> **ASSIGNMENT**:
Give again, exactly and only, the lines running from the one with "Tom Tailor Unifarbenes" to the end of the material below; leave out pictures.

⟨

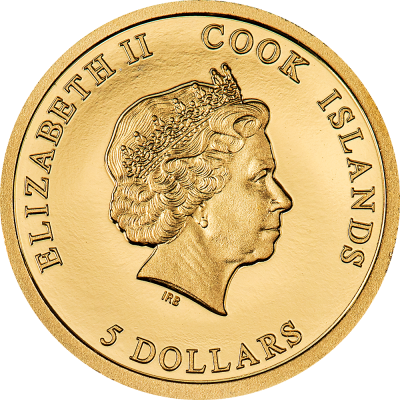 Cook Islands - 2023 - 5 Dollars - Mont Saint Michel small gold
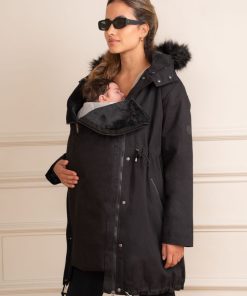 Ropa Premama Seraphine | Abrigo Premama De Porteo 3 En 1 Para Invierno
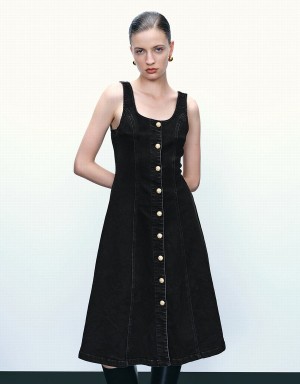 Peignoir Urban Revivo Sans Manches U Neck Denim Femme Noir | HHS8031KD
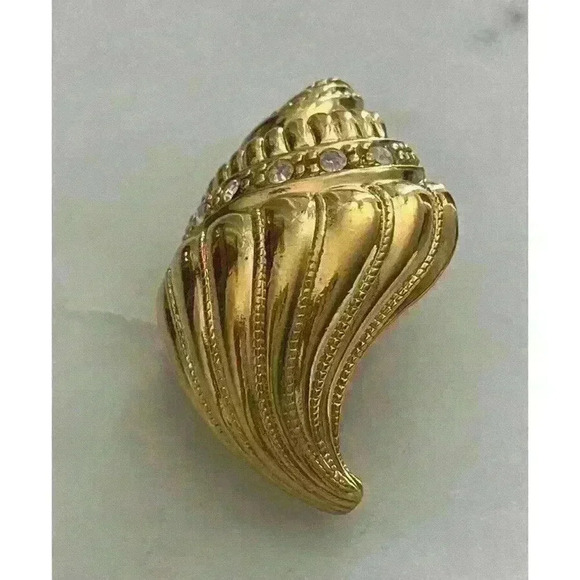 KJL Kenneth Jay Lane Avon Gold Tone Rhinestone Seashell Scarf C:lip / Extender - Picture 6 of 10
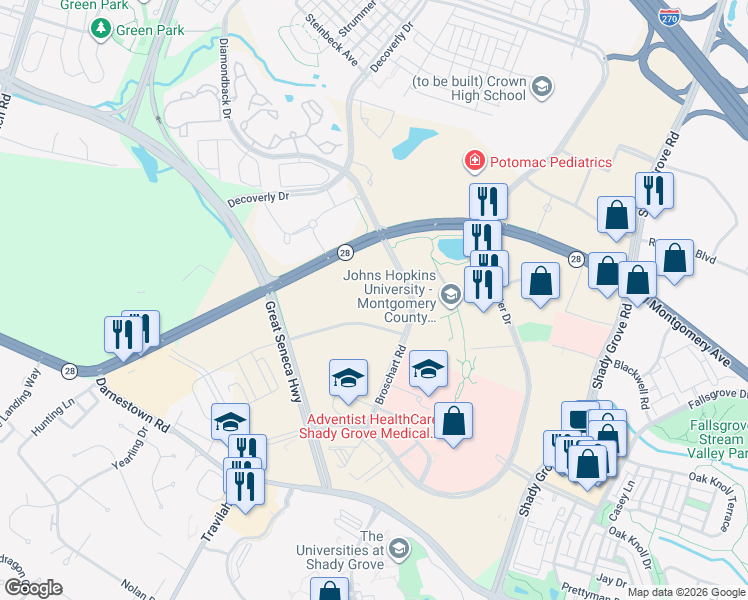 map of restaurants, bars, coffee shops, grocery stores, and more near 15000 Broschart Road in Rockville
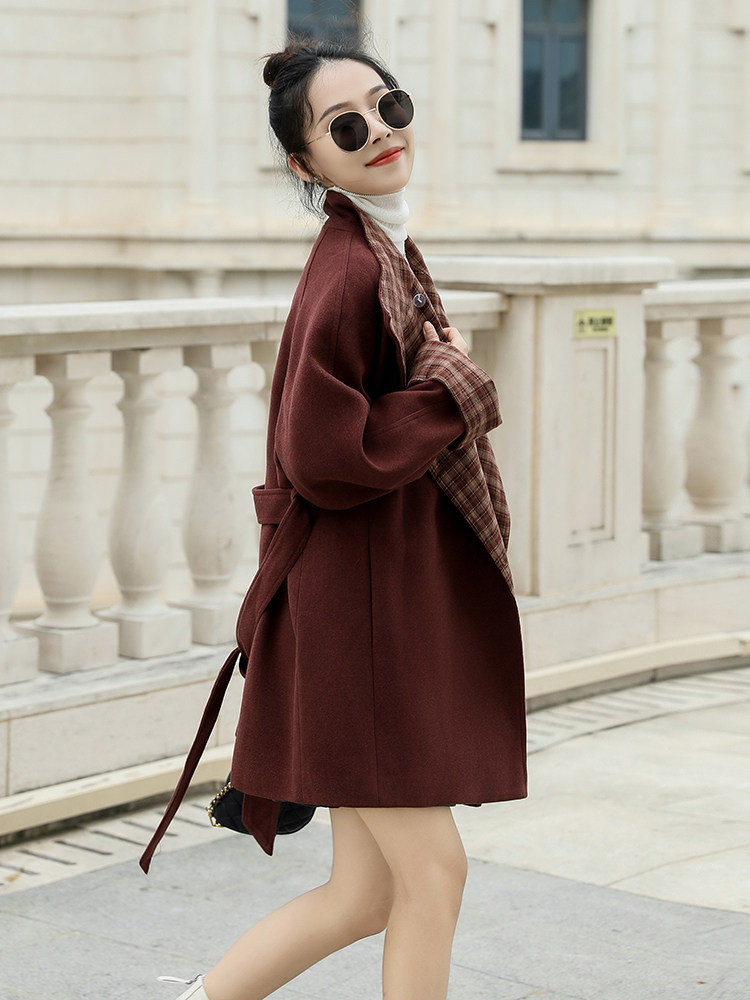 撞色格子收腰系带风衣外套女欧洲站2024秋季新款中长款羊毛大衣潮,女装毛呢外套,曼娅璐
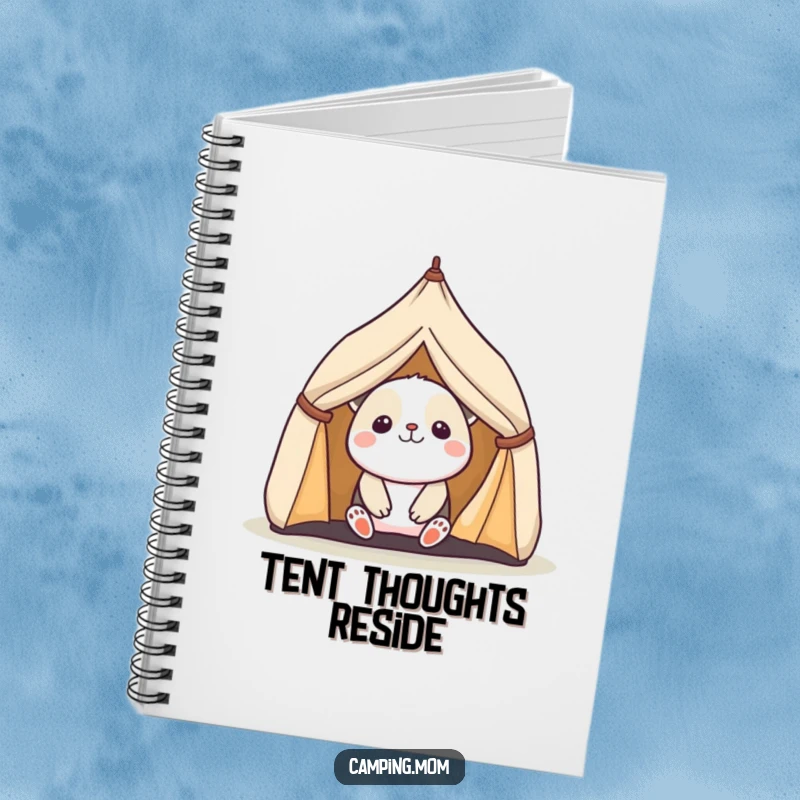 Funny notebook with a kawaii camping animal peeking out of a tent, encouraging creativity and outdoor inspiration.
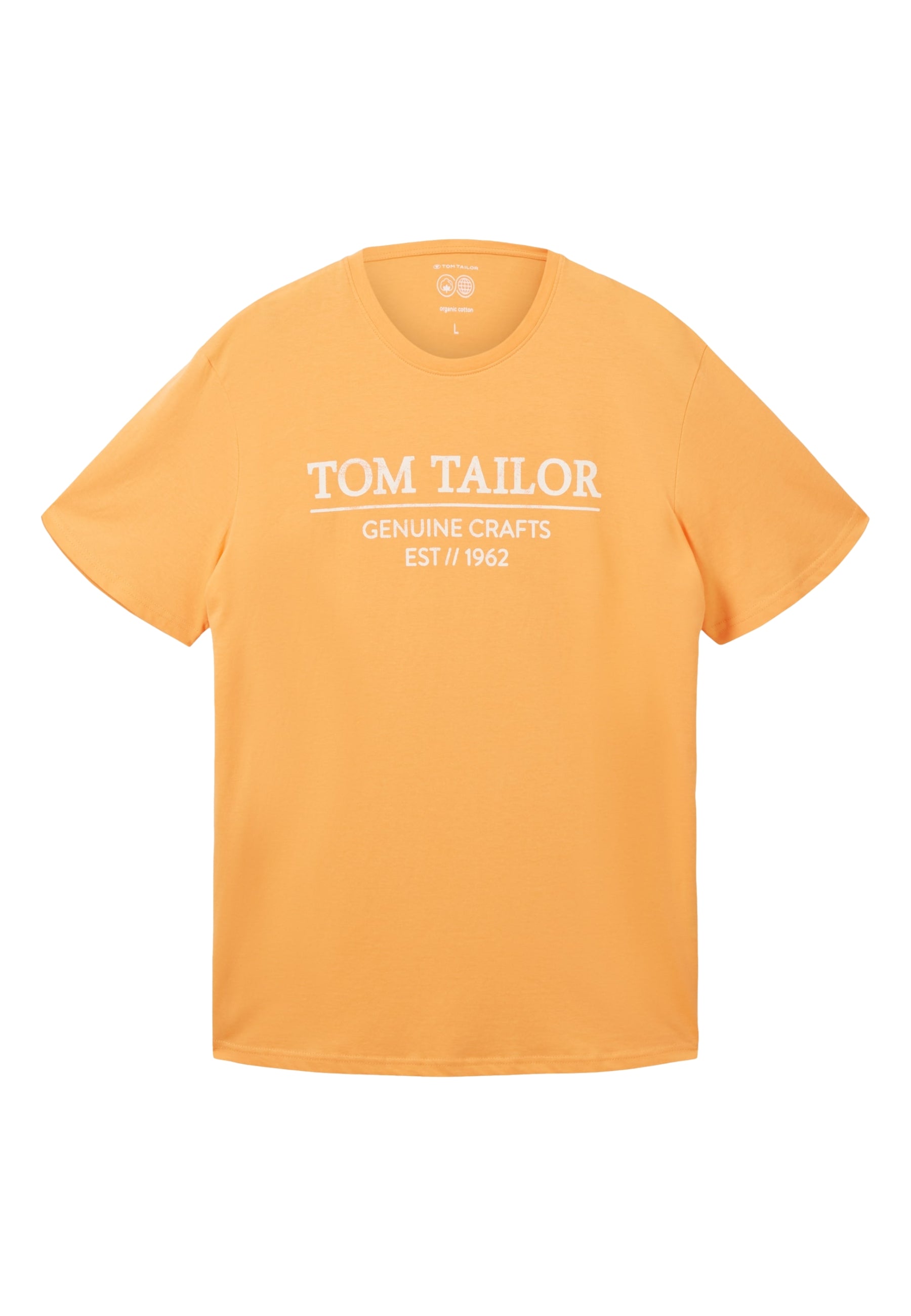 Tom Tailor Unifarbenes Kurzarm T-Shirt mit Rundhalsausschnitt und Label-Print
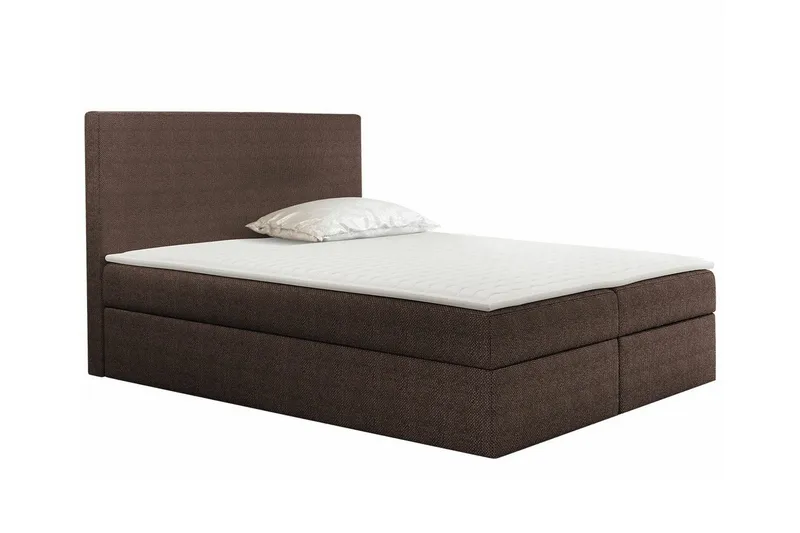 Pries Sengepakke 140x200 cm i Stoff med Sengegavl + Overmadrass med Fasthetsgrad Medium, Brun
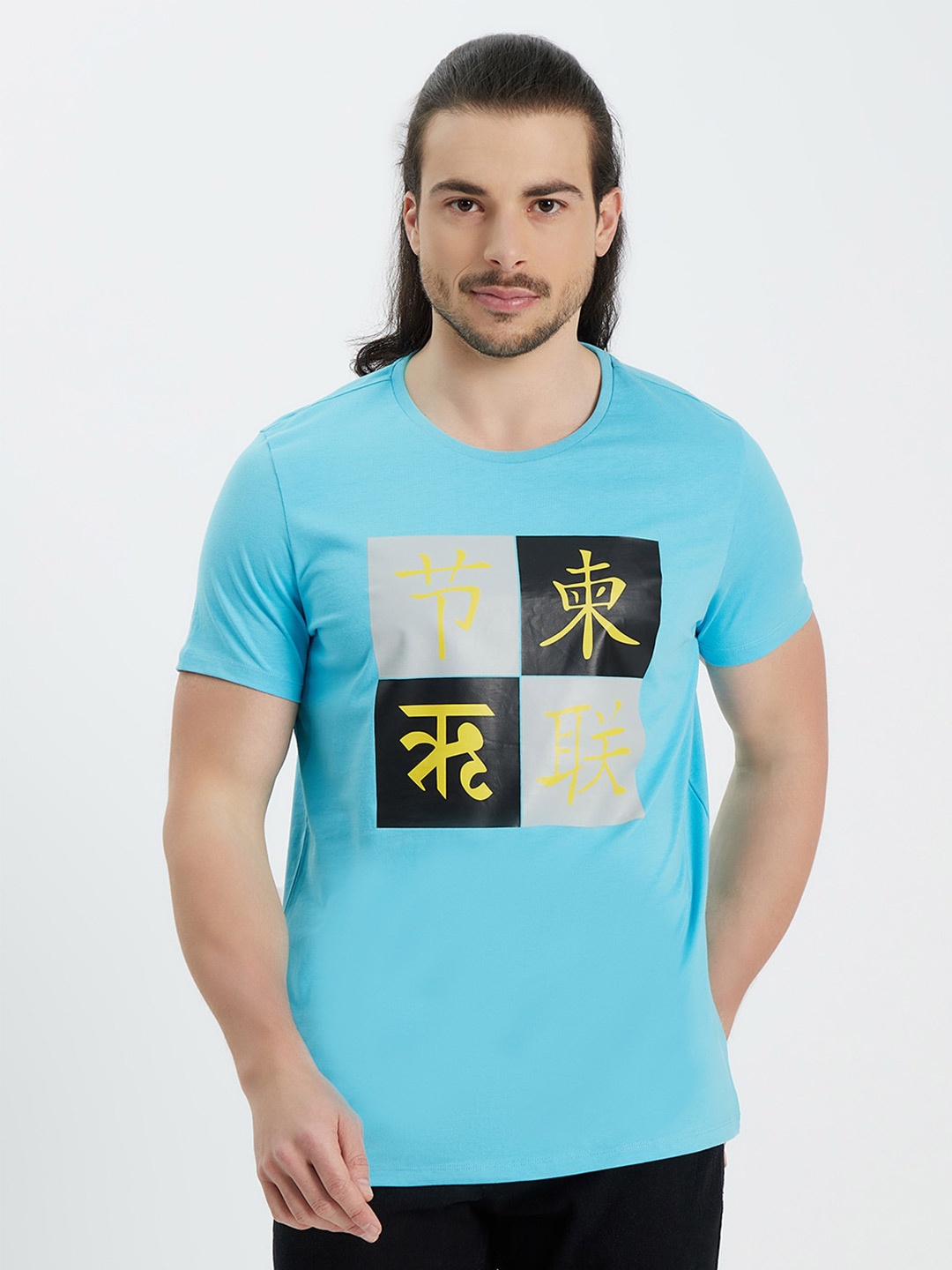 

EDRIO Men Blue Printed Pure Cotton T-shirt
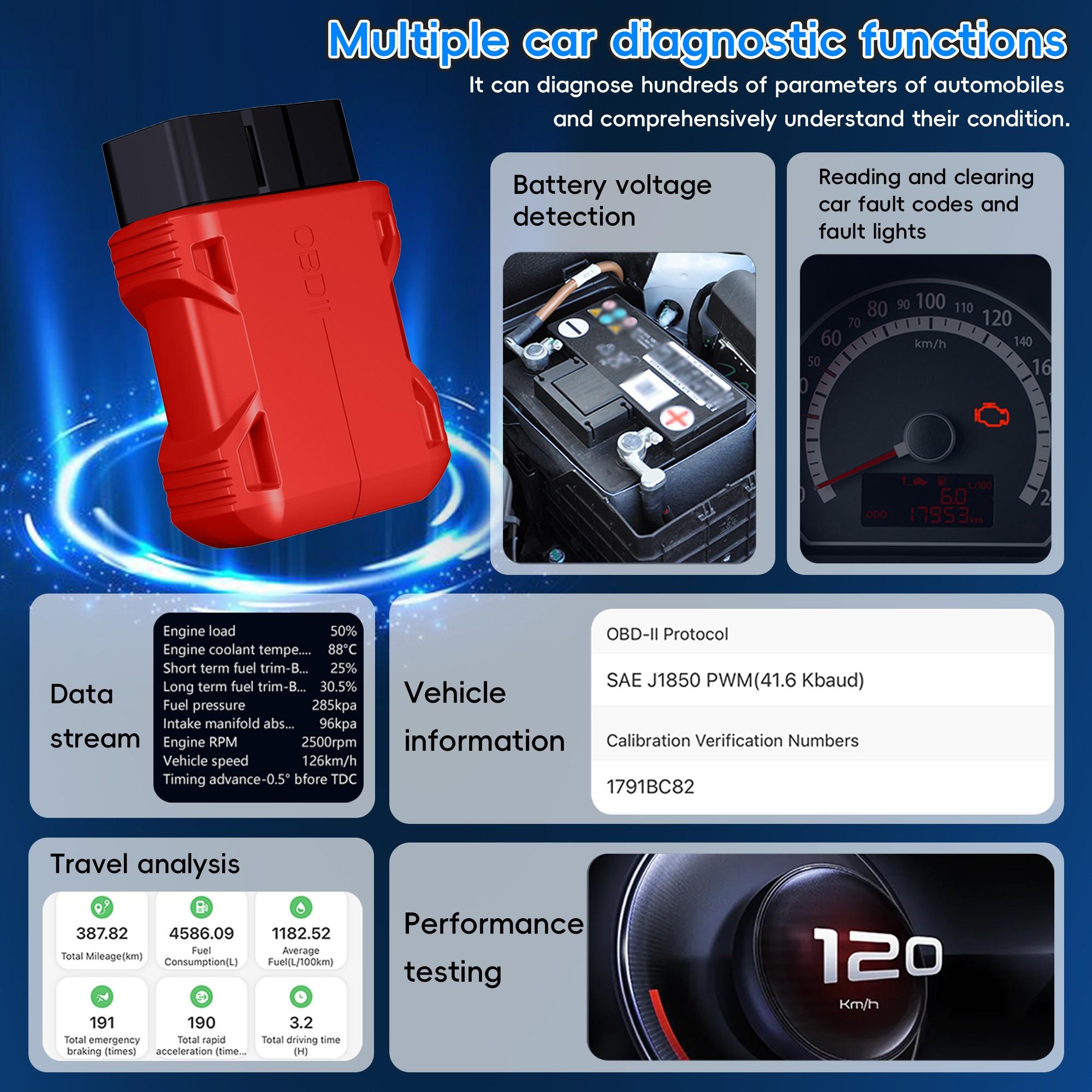 Obd2 Bluetooth-compatible Scanner Full System Car Diagnostic Tool, Code Reader for Vehicles Since 1996, Plastic Enclosure, No Ca Prop 65 Warning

⟩

> **RESPONSE AREA**:
 Tom Tailor Unifarbenes Kurzarm T-Shirt mit Rundhalsausschnitt und Label-Print
 Pries Sengepakke 140x200 cm i Stoff med Sengegavl + Overmadrass med Fasthetsgrad Medium, Brun

EDRIO Men Blue Printed Pure Cotton T-shirt
 Obd2 Bluetooth-compatible Scanner Full System Car Diagnostic Tool, Code Reader for Vehicles Since 1996, Plastic Enclosure, No Ca Prop 65 Warning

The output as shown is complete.